The original ending of “Rudolph” had a soft-hearted Santa letting Rudolph take part in the sleigh team over the objections of the other reindeer, leading to the sleigh being wrapped around a tree, six of the eight traditional reindeer killed and Christmas cancelled, much to the dismay of children everywhere. The executives at Montgomery Ward, however, said that this version was “too dark for a coloring book” and ordered a rewrite, which May grudgingly provided. Ironically and coincidentally, after the publication of “Rudolph,” Rudy Padgett sobered up and became a beloved member of his community, which only seemed to enrage May all the more. “My father would often ask Uncle Bob what the deal was between him and Rudy,” economist Steven Levitt, May’s grand-nephew, once wrote in Slate. “Uncle Bob would only mutter one word, darkly: ‘Pencils.’ We never learned what it meant. It’s become our family’s ‘Rosebud.'”
“White Christmas”
This immortal Irving Berlin tune first became a hit for singer Bing Crosby in 1942 and then in many subsequent years afterward — which became a problem for Crosby, who had initially doubted the potential popularity of the song and said so to songwriter Irving Berlin. Berlin responded by making Crosby solemnly promise at the end of each year to take a shot of whiskey, one after another, for each week the song was on the charts. This required Crosby to down 11 sequential shots of whiskey in early 1943, with subsequent and dangerous whiskey sessions after the ’45 and ’46 holiday seasons, during which time the song returned to #1 on the charts. The song would go on to sell more than 50 million copies.
Realizing the dimensions of the true, cirrhotic danger in which he had placed both Crosby and his liver, Berlin released the crooner from his vow, allowing him to substitute whiskey shots with tokes from a marijuana cigarette instead.
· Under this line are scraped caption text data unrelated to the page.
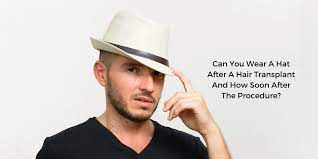 Can You Wear A Hat After A Hair Transplant And How Soon After The Procedure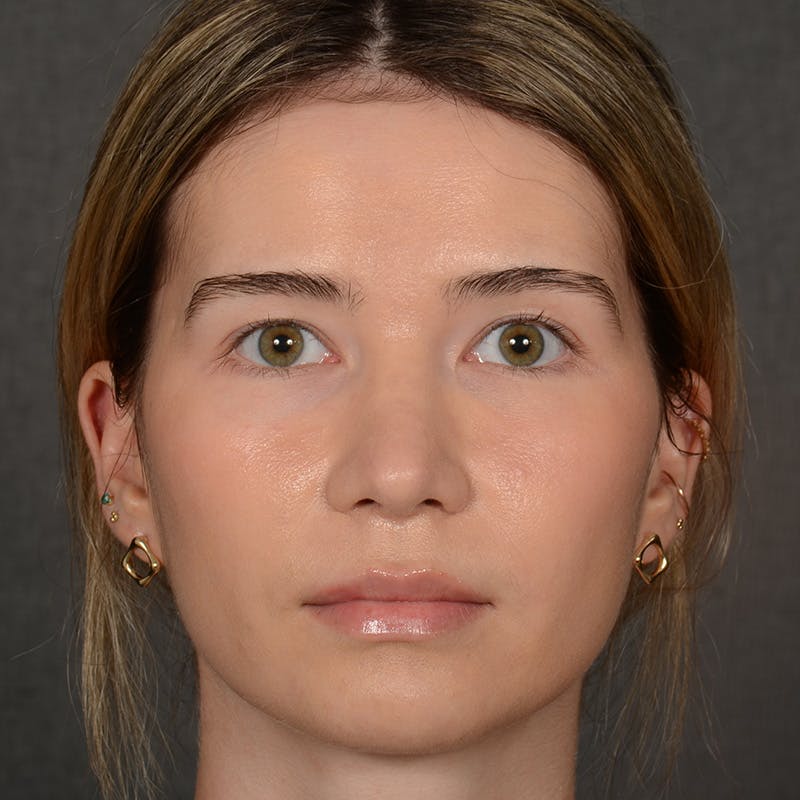 Female Rhinoplasty Before & After Gallery - Patient 219049 - Image 2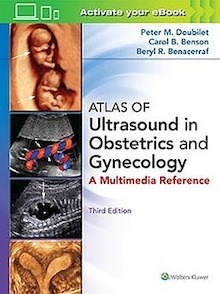 Atlas of Ultrasound in Obstetrics and Gynecology "A Multimedia Reference"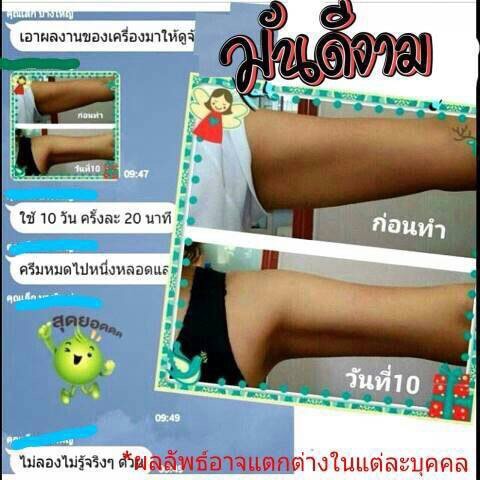กระชับต้นแขน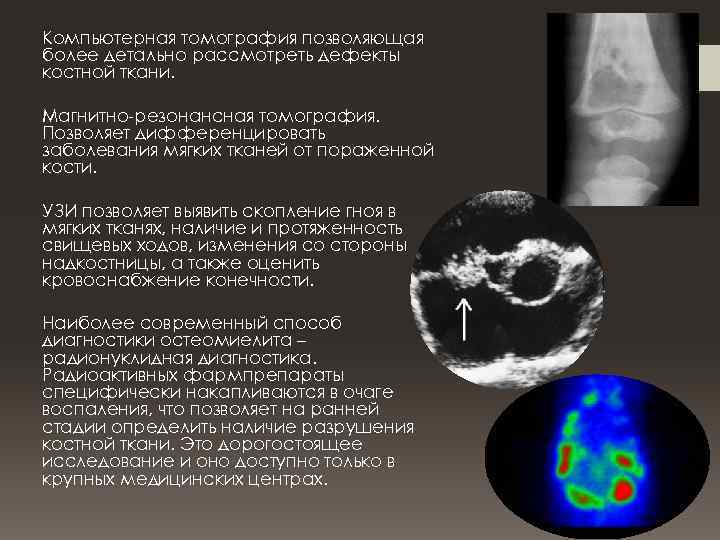 Компьютерная томография позволяющая более детально рассмотреть дефекты костной ткани. Магнитно-резонансная томография. Позволяет дифференцировать заболевания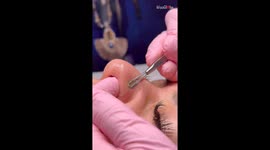Pro esthetician displays extremely satisfying skin-cleaning skills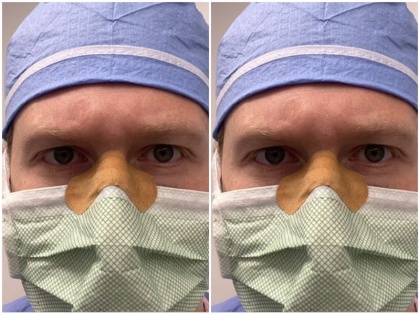 Coronavirus: How to avoid foggy glasses when wearing a face mask | Coronavirus: मास्क पहनने वालों के लिए डॉक्टर ने खोजा शानदार जुगाड़, अब नहीं जमेगा चश्मे पर फॉग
This pleased Crosby, who in the 60s and 70s would advocate for marijuana legalization.
“Little Drummer Boy”
This 1941 tune by Katherine Kennicott Davis has charmed generations with its tale of a young drummer playing his instrument to the delight of the newborn messiah. But this simple tune had a difficult birth, as Davis changed the profession of the little protagonist a number of times before settling on the role of drummer. Davis’ archives at Wellesley College feature early drafts entitled “Little Trumpet Boy,” “Little Ocarina Boy,” “Little Didgeridoo Boy,” “Little Mime Boy,” “Little Short Order Cook Boy,” “Little Public Relations Intern Boy,” “Little Gastroenterologist Boy” and “Little Kid Who Just Wandered By and Was Confusingly Pushed Into a Barn Boy.”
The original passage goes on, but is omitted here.